In Vivo Echocardiographic Detection of Enhanced Left Ventricular Function in Gene-Targeted Mice With Phospholamban Deficiency

Brian D. Hoit, Saeb F. Khoury, Evangelia G. Kranias, Nancy Ball, Richard A. Walsh

From the Division of Cardiology (B.D.H., S.F.K., N.B., R.A.W.) and the Department of Pharmacology and Cell Biophysics (E.G.K.), University of Cincinnati (Ohio).

Abstract We evaluated the ability of M-mode and Doppler echocardiography to assess left ventricular (LV) function reliably and repeatedly in mice and tested whether these techniques could detect physiological alterations in phospholamban (PLB)–deficient mice. Anesthetized wild-type mice (n=7) and mice deficient in PLB (n=8) were studied with two-dimensional guided M-mode and Doppler echocardiography using a 9-MHz imaging and 5- to 7.5-MHz Doppler transducer. Data were acquired in the baseline state and after intraperitoneal isoproterenol administration (2.0 µg/g IP). Interobserver and intraobserver variability and reproducibility were excellent.
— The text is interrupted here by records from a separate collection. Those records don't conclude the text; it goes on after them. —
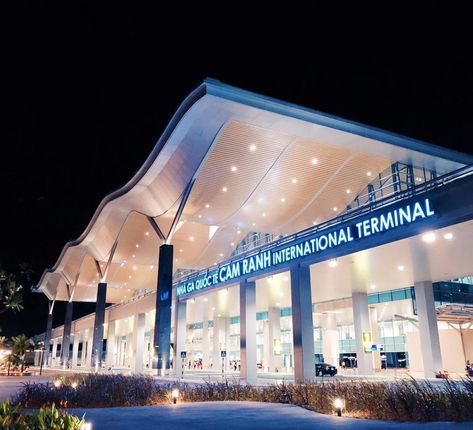 As one of the largest airports in terms of area in Vietnam, second only to Tan Son Nhat Airport in Ho Chi Minh City. Cam Ranh Airport was put into operation with the main purpose of serving the travel needs of Khanh Hoa people, as well as the southern provinces. Also known as a large international airport, it can accommodate … The post Cam Ranh Airport – An international airport in Nha Trang appeared first on Go Explore Vietnam. Vietnam Travel Guide, International Airlines, Cultural Architecture, Airport City, Taxi Service, Vietnam Travel, Ho Chi Minh City, Ford Transit, Ho Chi Minh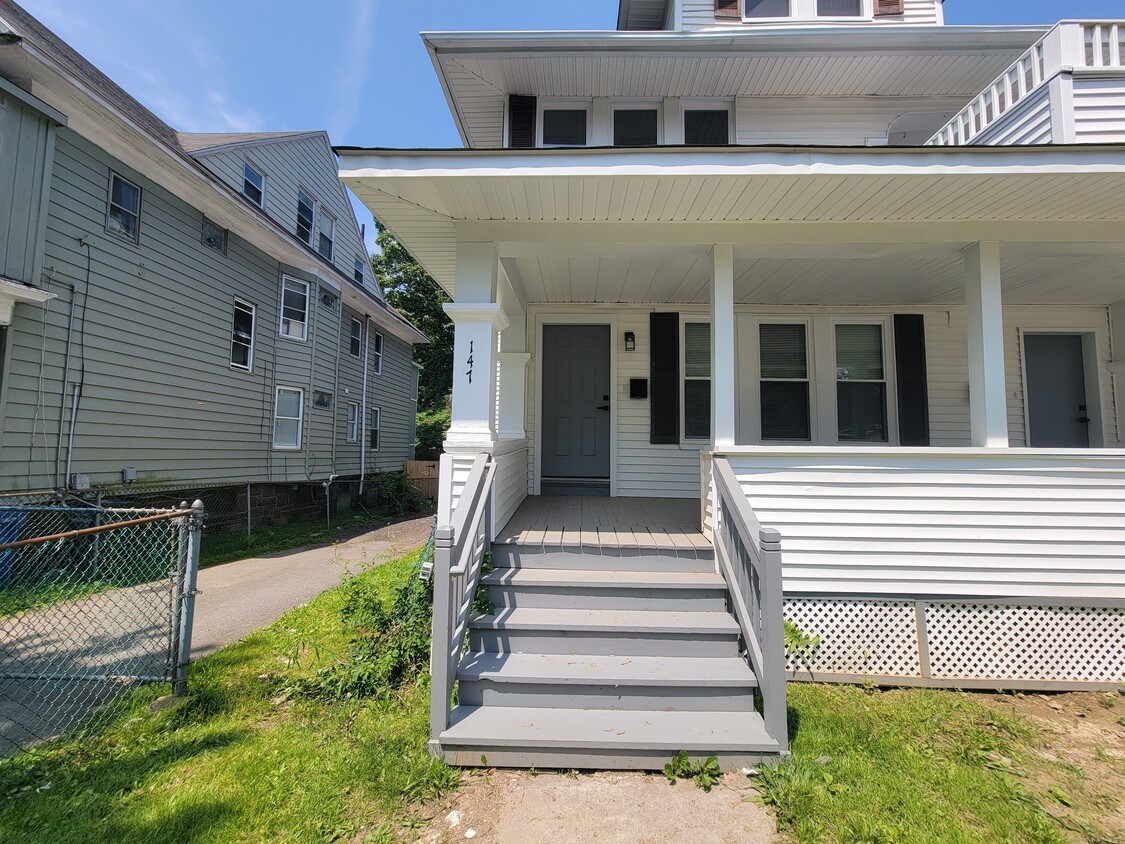 Primary Photo - 147 Edgewood St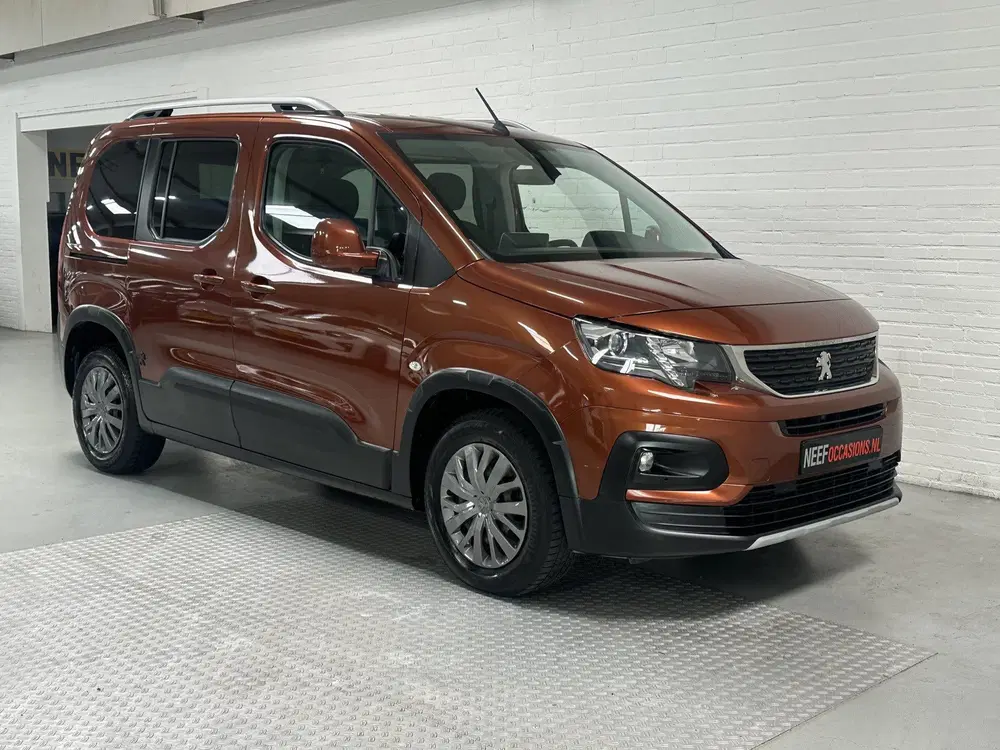 Peugeot Rifter 1.2 Puretech Allure CLIMA uit 2019, foto 2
PLB-deficient mice were associated with significant (P<.05) increases in several physiological parameters (mean±SD) compared with wild-type control mice: normalized mean velocity of circumferential shortening (7.7±2.1 versus 5.5±1.0 circ/sec), peak aortic velocity (105±13 versus 75±9.2 cm/s), mean aortic acceleration (57±16 versus 31±4 m/s2), and peak early-diastolic transmitral velocity (80.0±7.2 versus 66.9±7.7 cm/s). LV dimensions, shortening fractions, heart rates, late diastolic transmitral (A) velocities, and early to late (E/A) diastolic velocity ratios were similar in both groups. Isoproterenol administration resulted in significant increases in Doppler indices of ventricular function in control but not PLB-deficient mice. These findings indicate that assessment of LV function can be performed noninvasively in mice under varying physiological conditions and that PLB regulates basal LV function in vivo.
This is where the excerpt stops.